The social network has made available to French and foreign researchers important data sets on the movements of its users in order, in particular, to anticipate new epidemic peaks.
In early April, Facebook announced the availability of new data sets on population movements for research teams around the world. Aggregated and anonymized, this data, derived from information recorded by the social network’s mobile application, should make it possible to better predict the appearance of next epidemic peaks, or to adjust public health policies, said the social network.
Coronavirus: Facebook to share anonymized data with research teams A month later, researchers at Paris Sciences et Lettres University (PSL), which brings together eleven universities and grandes écoles and is the recipient in France of these data, displayed cautious optimism. “We are starting to have results, but they are not yet fully publishable,” explains Jamal Atif, professor at Paris-Dauphine-PSL University and coordinator of the initiative, who adds:
“From this data, combined with health data, we believe that we can build models to better understand the spread of the pandemic, and have algorithms and models that will have a higher predictive power than current models . “
Geolocation and overview
Facebook provides researchers, in France as in several countries, with data on population movements: the large number of social network users who have activated the geolocation of the application allows it to have a fairly precise overview of the way in which users move, whether they are daily journeys or exceptional journeys. Combined with other data, such as identified clusters or estimated risks of contamination, this information can help “predict” likely developments in the epidemic.
Predicting precise effects of containment is difficult due to lack of benchmarks in the past
The coronavirus pandemic, however, poses special challenges, which require deviating from the models used for other diseases. First, because the “most complex models, which will certainly allow the best predictions in the long term, require a lot of parameters [sur la durée d’incubation ou la proportion de porteurs asymptomatiques, par exemple], and the sources of information on these points are not so numerous at the moment, “warns Olivier Cappé, CNRS research director at the ENS-PSL. Not to mention that the general containment of the population implemented for almost two months is a historic first, the precise effects of which are difficult to predict due to the lack of comparison points.

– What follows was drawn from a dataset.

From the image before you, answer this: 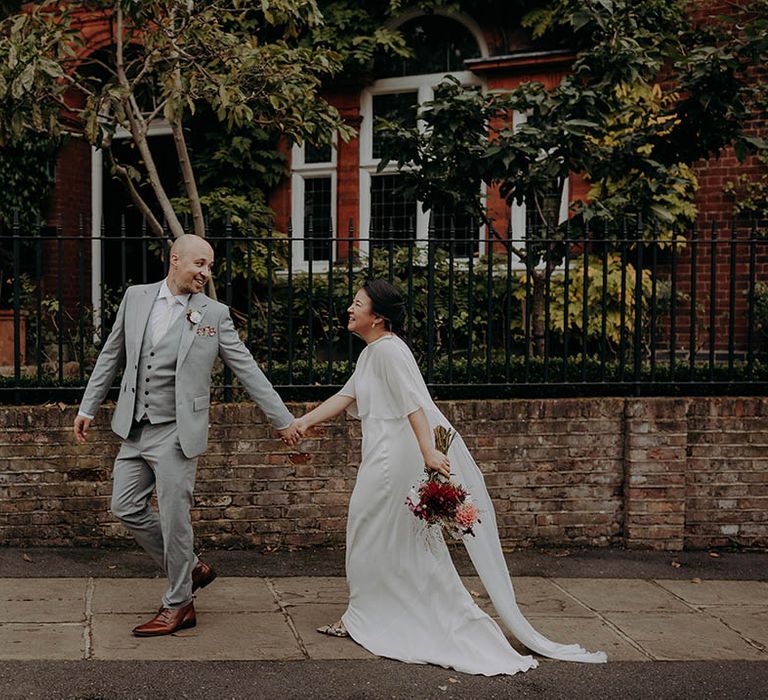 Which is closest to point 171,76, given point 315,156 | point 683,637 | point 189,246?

Useful, the data of displacement of the French provided by Facebook are not a miracle tool, warn the researchers. And their interpretation and use require great caution. “Can we use it to try to predict the progression of the epidemic?” Yes, but the model will inevitably lag a little behind reality, because we do not really “see” people when they are infected with the disease, details Mr. Cappé. And as soon as we work on real data, we leave the realm of pure concepts: in real data, there are always things a little weird. You can never fully automate it, it is something that takes time. “
“Short term projections”
Researchers at PSL University are therefore currently focusing on models of “short-term projections”, at the scale of a few weeks rather than a few months. “We do a lot of testing,” says Cappé. We do not have a solution that we are sure is the right one, and we are trying several approaches. And if the data made available by Facebook is very useful, the aggregation of other sources of information can only improve the models, say the researchers.
“It’s interesting that there are multiple teams doing things from different data; this is one of the ways you can detect potential biases in the data, “said Cappé. Facebook is not used uniformly by all age groups, and data from telephone operators, used by other research projects, is not as precise from one department to another, depending on the degrees of coverage.
For the time being, Facebook data seems to confirm on the whole what Orange’s data showed on the movements of Ile-de-France residents, with a decrease in the population in Paris estimated between 20 and 30%. Researchers from PSL University hope to have useful information in the coming weeks “for Ile-de-France, where health data are a little more precise and were harmonized a little earlier than in other countries.” other regions, ”notes Atif. This information could be particularly interesting for the public authorities, in this very dense region, where the occupancy rates of the resuscitation services are still particularly high, and where the deconfinement will only be very partial from May 11.